=== Task to carry out ===
In the data below, set down exactly the lines from the one containing "14k White Gold" up to and including the one containing "Eine Hütte im". Leave the pictures out.

━━ Material for this exercise ━━

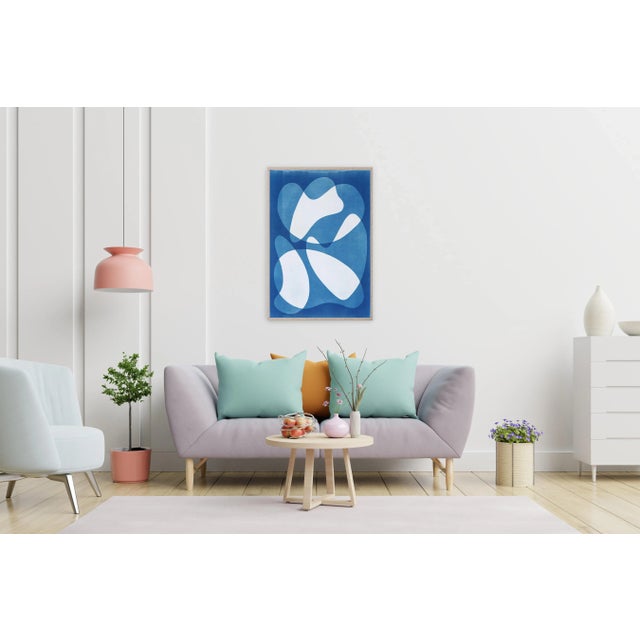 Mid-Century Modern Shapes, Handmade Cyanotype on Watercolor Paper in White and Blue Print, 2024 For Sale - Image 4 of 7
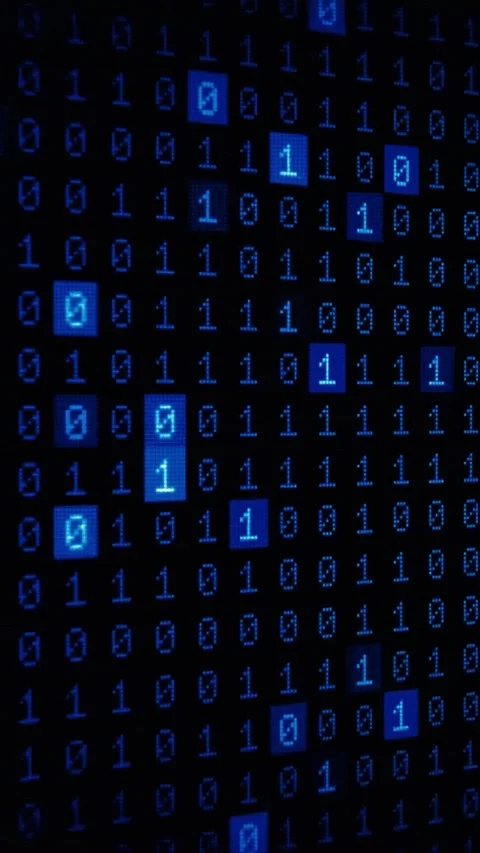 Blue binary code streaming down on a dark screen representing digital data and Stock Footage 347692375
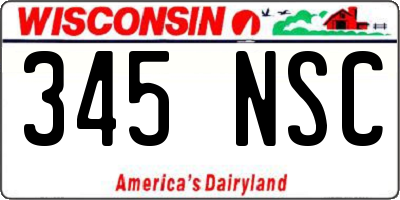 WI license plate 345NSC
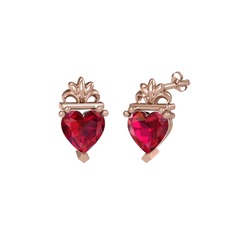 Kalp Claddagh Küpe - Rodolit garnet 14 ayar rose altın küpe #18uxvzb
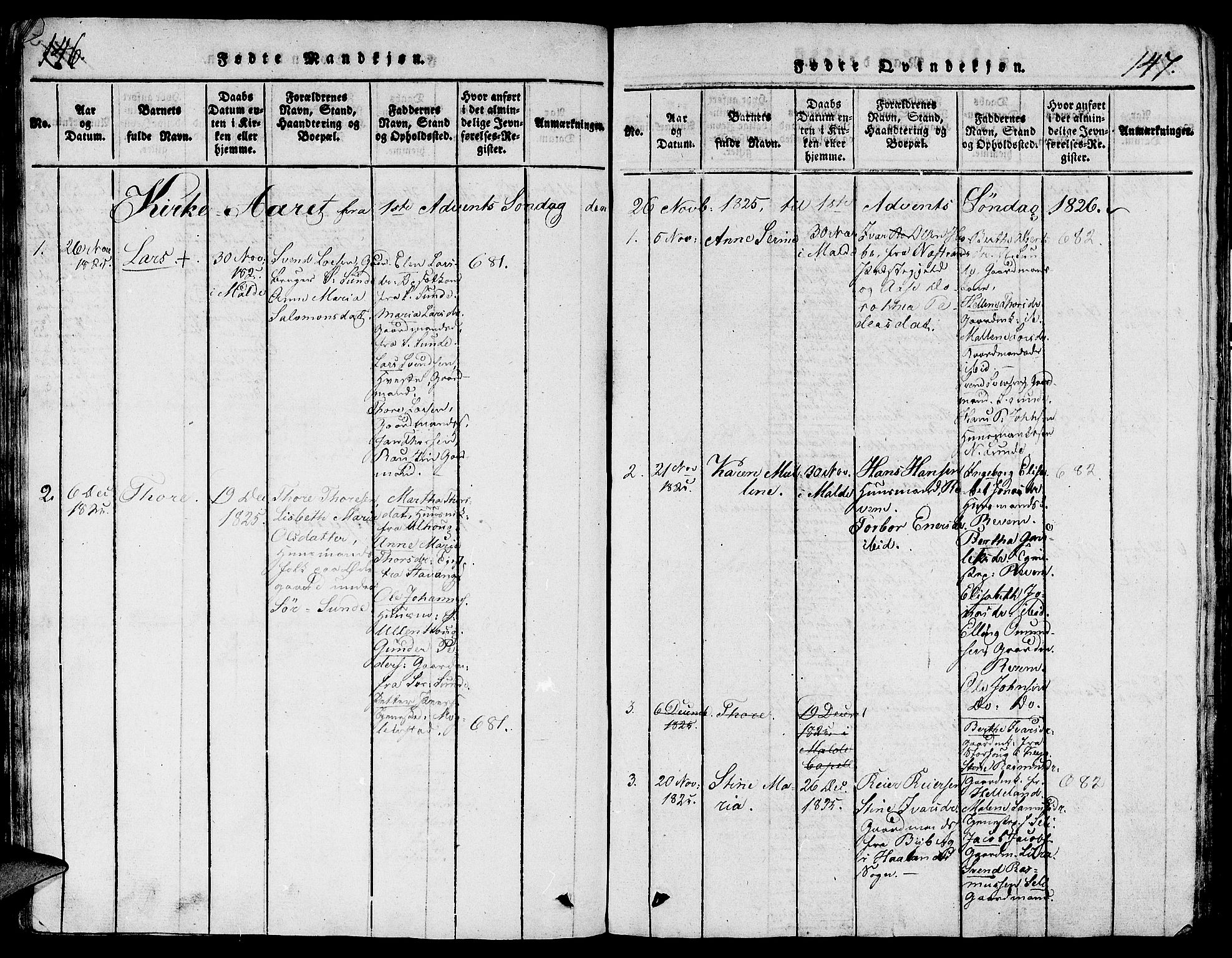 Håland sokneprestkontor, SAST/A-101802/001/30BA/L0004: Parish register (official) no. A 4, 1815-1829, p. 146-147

━━━
━━ Material for this exercise ━━

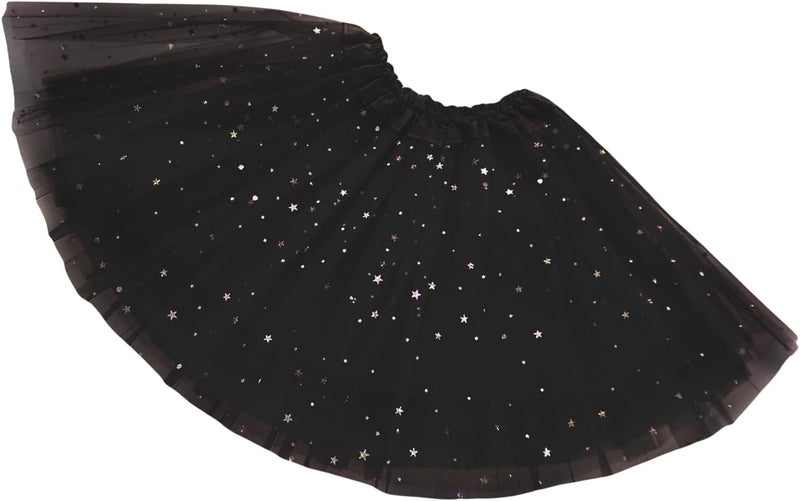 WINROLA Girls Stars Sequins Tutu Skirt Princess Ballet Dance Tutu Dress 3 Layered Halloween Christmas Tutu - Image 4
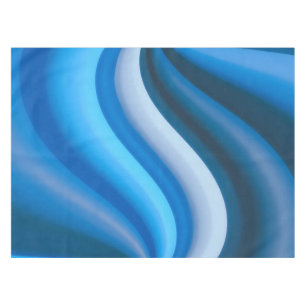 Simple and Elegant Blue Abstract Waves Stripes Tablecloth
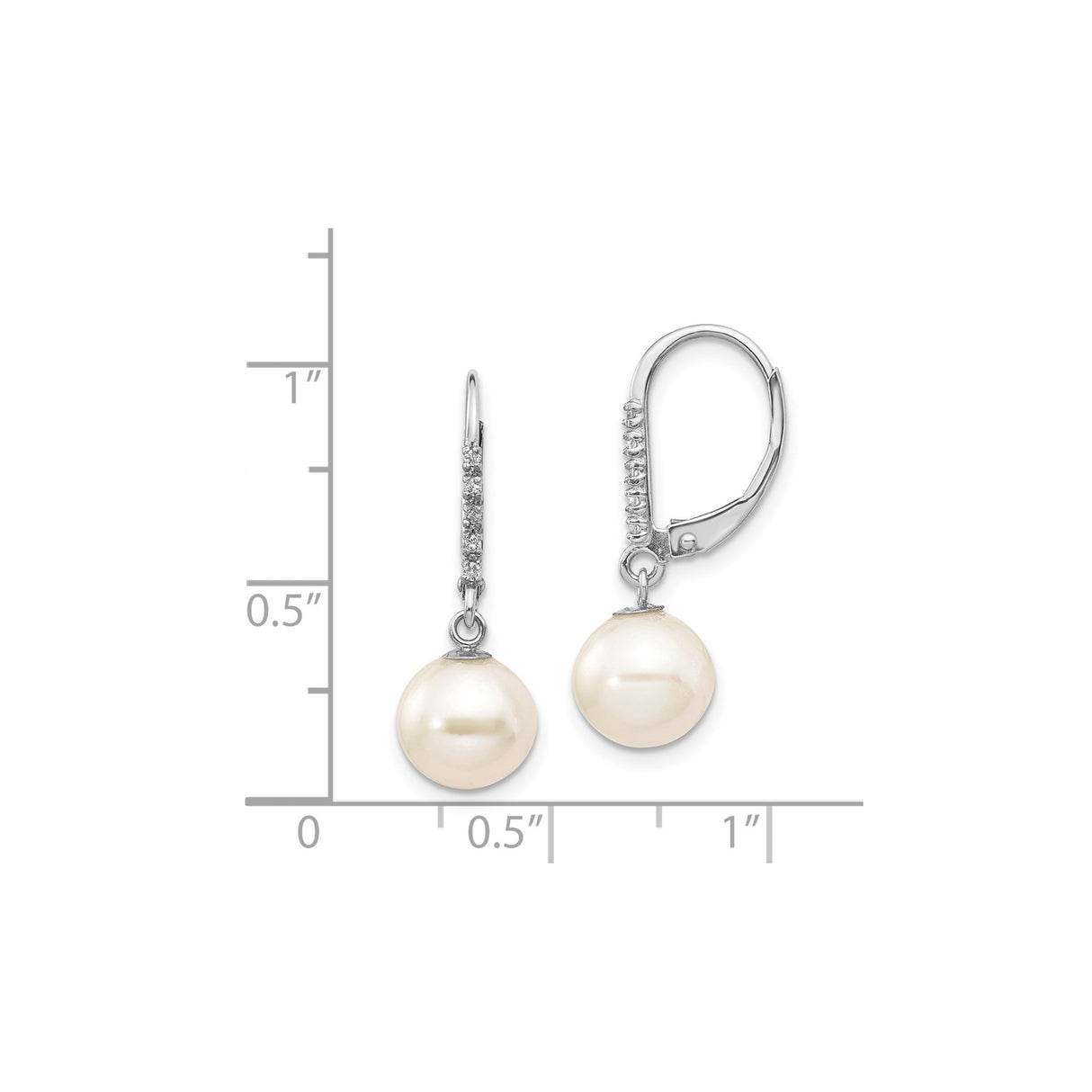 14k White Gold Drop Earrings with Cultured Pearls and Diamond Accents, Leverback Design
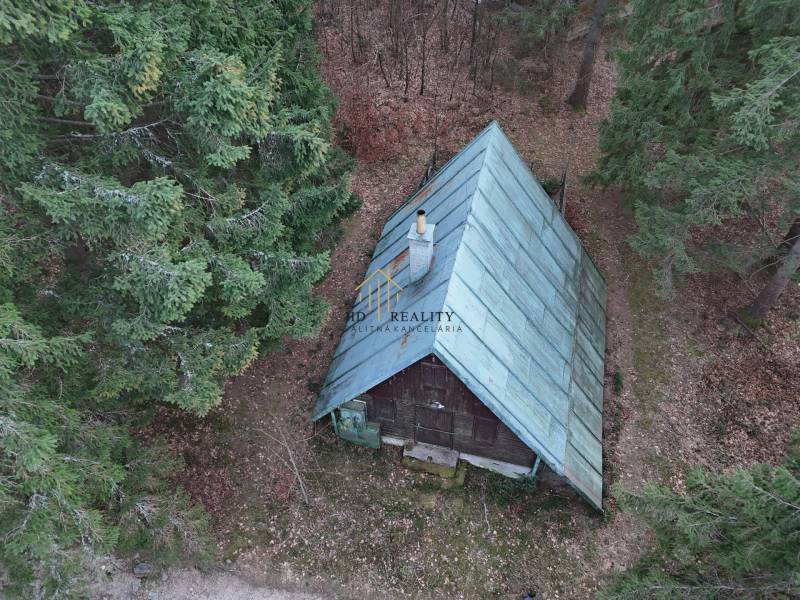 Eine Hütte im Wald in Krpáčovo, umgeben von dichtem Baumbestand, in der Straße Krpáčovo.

━━━

=== Result ===
 14k White Gold Drop Earrings with Cultured Pearls and Diamond Accents, Leverback Design
 Eine Hütte im Wald in Krpáčovo, umgeben von dichtem Baumbestand, in der Straße Krpáčovo.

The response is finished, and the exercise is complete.